Please, add your self in my guestbook...

Kamis, Agustus 07, 2008

MERDEKA Namanya

Yang Dicari Sariman, Merdeka Namanya
(Ray Asmoro)

Sariman pusing duabelas keliling! Sekian lama ia mencari anaknya yang hilang; Merdeka namanya. Ketika berita tentang pembunuhan berantai yang dilakukan oleh Ryan, Sariman resah, jangan-jangan Merdeka menjadi salah satu korbannya. Tapi lega hatinya, dari 14 korban Ryan, Merdeka bukan salah satunya. Merdeka belum mati. "Merdeka masih ada" begitu keyakinannya. Ia terus mencarinya. Terus mempertanyakannya, "dimanakah (ke) Merdeka (an) ?". Setelah sekian lama tak bertemu, seperti apakah wujud Merdeka sekarang?

Maka mulailah Sariman melakukan perjalanan pencarian. Di jalanan ia menjumpai ratusan anak-anak muda bergerombol, berjalan beriringan, berteriak-teriak sambil membentangkan spanduk protes dan menuntut sesuatu, jalanan jadi macet. "Jangan-jangan Merdeka ada diantara mereka" pikir Sariman. Kemudian ia menyelinap ditengah-tengah anak-anak muda itu. Tapi ia harus kecewa, Merdeka tak ada disana.

Malam hari Sariman bertanya kepada seseorang, "Bung tahu Merdeka?". Si Bung menjawab, "Ahaaa.. saya tahu, Merdeka itu adanya di suatu tempat..." katanya. Lalu Sariman meminta Si Bung mengantarkannya ke tempat yang dimaksud. Untuk memasuki tempat itu, ada beberapa petugas keamanan, dan harus membayar dulu beberapa puluh ribu rupiah agar diperbolehkan masuk, dan karena sudah membayar, Sariman mendapatkan 'hadiah' soft drink. Tapi begi masuk ruangan itu, gendang telinga Sariman mau pecah rasanya. Musik 'ajib-ajib' mengentak hingga ke jantung. Lampu berkilau-kilau dalam temaram. Ratusan orang menari, berjingkrak, bahkan ada yang bercumbu.

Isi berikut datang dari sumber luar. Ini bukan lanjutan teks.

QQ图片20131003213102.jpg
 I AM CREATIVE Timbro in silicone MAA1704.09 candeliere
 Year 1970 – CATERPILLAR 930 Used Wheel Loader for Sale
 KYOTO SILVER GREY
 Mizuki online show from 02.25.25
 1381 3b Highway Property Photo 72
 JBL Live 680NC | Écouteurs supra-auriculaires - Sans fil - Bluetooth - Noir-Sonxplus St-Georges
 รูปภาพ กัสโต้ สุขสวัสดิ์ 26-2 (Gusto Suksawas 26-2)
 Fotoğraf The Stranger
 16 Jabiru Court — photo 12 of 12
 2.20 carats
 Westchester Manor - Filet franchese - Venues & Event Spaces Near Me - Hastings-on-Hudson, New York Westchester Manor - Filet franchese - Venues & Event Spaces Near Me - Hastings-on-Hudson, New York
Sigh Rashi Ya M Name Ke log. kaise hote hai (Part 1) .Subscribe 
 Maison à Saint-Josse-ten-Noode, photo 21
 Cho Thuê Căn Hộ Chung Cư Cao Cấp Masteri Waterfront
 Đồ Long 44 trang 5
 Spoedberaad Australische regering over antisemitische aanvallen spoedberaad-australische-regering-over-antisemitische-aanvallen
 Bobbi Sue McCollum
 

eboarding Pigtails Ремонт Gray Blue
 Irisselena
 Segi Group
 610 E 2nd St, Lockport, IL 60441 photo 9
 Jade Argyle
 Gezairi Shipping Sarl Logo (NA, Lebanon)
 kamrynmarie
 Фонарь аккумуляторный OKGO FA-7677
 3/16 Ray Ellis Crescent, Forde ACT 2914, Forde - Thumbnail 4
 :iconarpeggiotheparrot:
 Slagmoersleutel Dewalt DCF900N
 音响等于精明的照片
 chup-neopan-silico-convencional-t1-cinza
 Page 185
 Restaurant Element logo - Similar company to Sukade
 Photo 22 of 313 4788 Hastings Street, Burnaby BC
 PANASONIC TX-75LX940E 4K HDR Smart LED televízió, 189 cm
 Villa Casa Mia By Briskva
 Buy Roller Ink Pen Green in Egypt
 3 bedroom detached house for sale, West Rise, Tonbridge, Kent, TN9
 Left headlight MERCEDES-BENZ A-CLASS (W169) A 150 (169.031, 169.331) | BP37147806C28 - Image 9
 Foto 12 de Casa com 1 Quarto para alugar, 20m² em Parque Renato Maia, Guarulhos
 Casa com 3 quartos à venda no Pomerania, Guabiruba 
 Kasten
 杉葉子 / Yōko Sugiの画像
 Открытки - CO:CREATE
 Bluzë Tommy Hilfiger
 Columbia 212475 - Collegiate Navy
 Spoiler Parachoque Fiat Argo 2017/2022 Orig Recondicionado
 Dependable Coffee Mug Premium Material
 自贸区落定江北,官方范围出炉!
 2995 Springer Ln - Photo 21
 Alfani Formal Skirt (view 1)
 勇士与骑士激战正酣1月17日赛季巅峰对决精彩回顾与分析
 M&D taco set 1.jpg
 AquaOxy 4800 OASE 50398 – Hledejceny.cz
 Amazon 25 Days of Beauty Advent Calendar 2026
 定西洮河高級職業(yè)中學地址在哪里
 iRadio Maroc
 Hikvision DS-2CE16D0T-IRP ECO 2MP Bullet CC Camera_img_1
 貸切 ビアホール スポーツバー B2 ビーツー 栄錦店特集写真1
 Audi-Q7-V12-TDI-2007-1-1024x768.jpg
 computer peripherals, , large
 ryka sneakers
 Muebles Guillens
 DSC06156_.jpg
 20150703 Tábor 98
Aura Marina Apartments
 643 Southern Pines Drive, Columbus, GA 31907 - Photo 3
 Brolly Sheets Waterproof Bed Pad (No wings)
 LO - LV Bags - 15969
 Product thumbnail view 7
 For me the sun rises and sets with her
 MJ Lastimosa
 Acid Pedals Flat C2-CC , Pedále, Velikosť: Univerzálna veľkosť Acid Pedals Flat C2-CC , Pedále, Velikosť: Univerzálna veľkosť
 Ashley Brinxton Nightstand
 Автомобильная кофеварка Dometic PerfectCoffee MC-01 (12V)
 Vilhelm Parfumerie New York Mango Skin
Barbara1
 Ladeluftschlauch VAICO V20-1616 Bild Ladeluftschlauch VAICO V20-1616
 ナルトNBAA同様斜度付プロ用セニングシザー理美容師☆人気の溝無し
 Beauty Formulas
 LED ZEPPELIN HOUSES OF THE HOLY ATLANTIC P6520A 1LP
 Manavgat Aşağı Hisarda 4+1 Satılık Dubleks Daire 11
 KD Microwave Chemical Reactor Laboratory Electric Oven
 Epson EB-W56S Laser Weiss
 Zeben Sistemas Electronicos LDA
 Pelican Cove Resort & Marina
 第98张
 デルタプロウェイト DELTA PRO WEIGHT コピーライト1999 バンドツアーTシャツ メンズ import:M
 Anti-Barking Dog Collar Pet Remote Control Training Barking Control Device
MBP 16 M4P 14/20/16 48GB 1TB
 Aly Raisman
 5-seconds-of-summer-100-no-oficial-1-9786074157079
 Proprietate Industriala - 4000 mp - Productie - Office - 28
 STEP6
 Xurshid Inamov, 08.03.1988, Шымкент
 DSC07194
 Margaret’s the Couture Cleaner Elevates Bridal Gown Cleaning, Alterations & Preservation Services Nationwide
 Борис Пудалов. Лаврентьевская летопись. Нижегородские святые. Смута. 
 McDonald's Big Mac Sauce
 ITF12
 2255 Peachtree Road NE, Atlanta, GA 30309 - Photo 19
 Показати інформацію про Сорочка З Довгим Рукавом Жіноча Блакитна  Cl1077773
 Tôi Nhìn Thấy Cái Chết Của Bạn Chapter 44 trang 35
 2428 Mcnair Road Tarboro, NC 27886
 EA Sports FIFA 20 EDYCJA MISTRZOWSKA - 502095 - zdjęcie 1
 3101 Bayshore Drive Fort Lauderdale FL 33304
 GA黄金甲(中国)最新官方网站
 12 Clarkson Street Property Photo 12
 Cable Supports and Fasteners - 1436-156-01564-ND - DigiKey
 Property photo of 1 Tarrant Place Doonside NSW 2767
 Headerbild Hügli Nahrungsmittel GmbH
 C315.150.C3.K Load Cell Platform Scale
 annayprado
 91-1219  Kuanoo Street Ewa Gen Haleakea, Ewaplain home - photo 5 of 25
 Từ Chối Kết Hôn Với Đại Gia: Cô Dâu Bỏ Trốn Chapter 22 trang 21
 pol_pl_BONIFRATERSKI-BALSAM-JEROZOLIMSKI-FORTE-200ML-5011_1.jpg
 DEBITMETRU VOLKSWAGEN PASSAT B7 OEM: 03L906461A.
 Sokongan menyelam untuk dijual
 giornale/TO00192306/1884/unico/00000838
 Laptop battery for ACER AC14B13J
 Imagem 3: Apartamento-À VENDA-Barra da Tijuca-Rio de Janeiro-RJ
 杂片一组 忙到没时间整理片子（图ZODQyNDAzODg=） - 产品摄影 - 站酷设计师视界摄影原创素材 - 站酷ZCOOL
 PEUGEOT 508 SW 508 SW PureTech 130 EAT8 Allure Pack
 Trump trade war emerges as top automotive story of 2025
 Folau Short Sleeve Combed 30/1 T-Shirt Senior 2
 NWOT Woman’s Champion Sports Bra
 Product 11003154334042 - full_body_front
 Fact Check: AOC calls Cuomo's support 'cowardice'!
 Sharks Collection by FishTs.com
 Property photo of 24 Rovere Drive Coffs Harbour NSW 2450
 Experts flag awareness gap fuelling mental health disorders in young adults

"Dimana Merdeka, bung?" tanya Sariman pada Si Bung.

"Ahaa... mereka semua merdeka. Disinilah tempat bagi orang-orang merdeka, orang-orang bebas. Tidak ada tekanan disini, stress menjadi tawar, permasalahan seketika lenyap disini, disinilah tempat yang paling merdeka. Merdeka!!! Hahaha..." begitulah kata-kata yang keluar dari mulut Si Bung dengan aroma alkohol yang menyengat. Dan Sariman buru-buru menyelinap keluar dari tempat itu.

Sariman sampai di Porong Sidoarjo. Banyak warga berkeluh kesah, rumah dan tanahnya hilang tak ada penggantian, hanya janji-janji palsu yang mereka dapatkan. Ketia ia menanyakan apakah ada Merdeka diantara mereka, para warga menjawab, "Tidak ada Merdeka disini! Salah alamat kalau mencari Merdeka disini!". Di sebuah daerah ia menjumpai petani yang kecewa, saatnya panen, bulir padinya kosong, lalu mereka membabat habis tanaman padinya disawah seperti orang kesetanan. Sariman mampir sejenak dan bertanya, apakah mereka melihat Merdeka? Mereka menjawab, "Merdeka? sepertia apa rupanya? seperti apa bentuknya? Sepertinya tak ada disini. Disini yang ada lahan-lahan sawah kering, sarana irigasi rusak, padi-padi kami tak berisi, harga pupuk melambung tinggi, sementara harga gabah membuat pilu hati ini. Disini kami tidak pernah mendengar Merdeka. Dulu pernah kami dengar tapi itu sudah lama sekali, cerita kakek moyang kami. Tapi kami tidak pernah bertemu dengannya. Akhirnya kami yakin Merdeka itu hanya mitos, cerita karangan saja."

Diamanakah Merdeka? jerit lirih Sariman dalam hati.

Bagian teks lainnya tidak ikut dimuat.